Der Chor kam singend von oben, sowie dann von den Seiten der hohen, auf ihre Art kirchenraum-artigen Mittelhalle auf das Podium und alle im Buffet verstummten und hörten allmählich zu. Es richtet sich an das Göttliche und an Gott, den wir im Himmel zu wissen glauben: Gesänge der Gläubigen, der Suchenden, der Glücklichen, der Zweifler, der Hadernden, wie Hiemetsberger in einer Einleitung zu „The Power of Heaven“ schreibt. Zu hören war ein „Kyrie eleison“, „Pater Noster“ von Jacobus Gallus (1550-1551), ein weiteres von dem 1954 geborenen Vytautas Miskins (leider an diesem Abend aus Zeitgründen nicht auch noch das von Giuseppe Verdi) und zum Abschluss ein „Agnus Dei“ von Samuel Barber.
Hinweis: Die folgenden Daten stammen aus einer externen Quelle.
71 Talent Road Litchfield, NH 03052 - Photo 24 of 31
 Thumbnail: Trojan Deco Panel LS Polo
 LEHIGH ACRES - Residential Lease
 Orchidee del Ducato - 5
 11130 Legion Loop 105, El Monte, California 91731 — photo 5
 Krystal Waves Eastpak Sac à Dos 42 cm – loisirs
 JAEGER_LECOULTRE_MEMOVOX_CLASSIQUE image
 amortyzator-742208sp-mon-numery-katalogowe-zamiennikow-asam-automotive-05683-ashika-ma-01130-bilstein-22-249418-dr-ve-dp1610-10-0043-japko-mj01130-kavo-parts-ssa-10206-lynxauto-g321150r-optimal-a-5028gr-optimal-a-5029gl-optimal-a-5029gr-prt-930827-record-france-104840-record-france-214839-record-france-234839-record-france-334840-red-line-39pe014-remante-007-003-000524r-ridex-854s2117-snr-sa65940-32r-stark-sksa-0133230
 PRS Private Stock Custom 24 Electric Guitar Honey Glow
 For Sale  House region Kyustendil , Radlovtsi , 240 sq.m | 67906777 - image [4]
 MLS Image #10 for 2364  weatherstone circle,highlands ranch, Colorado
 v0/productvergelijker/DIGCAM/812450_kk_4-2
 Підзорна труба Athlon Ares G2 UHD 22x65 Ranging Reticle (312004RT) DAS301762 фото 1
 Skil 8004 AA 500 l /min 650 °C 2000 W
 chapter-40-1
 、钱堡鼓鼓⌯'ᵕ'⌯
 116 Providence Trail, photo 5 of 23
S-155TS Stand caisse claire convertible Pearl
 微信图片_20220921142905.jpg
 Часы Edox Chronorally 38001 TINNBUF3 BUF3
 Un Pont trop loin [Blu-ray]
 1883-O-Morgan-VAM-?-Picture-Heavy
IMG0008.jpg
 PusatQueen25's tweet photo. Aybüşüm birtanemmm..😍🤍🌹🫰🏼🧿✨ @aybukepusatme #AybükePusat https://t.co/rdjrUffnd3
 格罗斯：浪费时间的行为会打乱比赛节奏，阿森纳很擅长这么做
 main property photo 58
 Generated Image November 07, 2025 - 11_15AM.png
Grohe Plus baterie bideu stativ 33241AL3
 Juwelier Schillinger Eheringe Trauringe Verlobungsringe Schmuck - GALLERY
Höhepunkt des Programms: Die Erstaufführung von „… qui corruperunt terram“ für 8stimmigen Chor und Solo-Bratsche mit Live-Elektronik von J. Peter Koene (der übrigens bei allen Stücken außer seinem eigenen in der Tenorgruppe des Chorus mitsang). Die Bratsche spielte seine Frau Elaine Koene, eine exzellente Musikerin, die auch im Ensemble „die reihe“ beim letzten KOFOMI Mittersill mitwirkte.
Stefan Loidl steuerte die Live-Elektronik.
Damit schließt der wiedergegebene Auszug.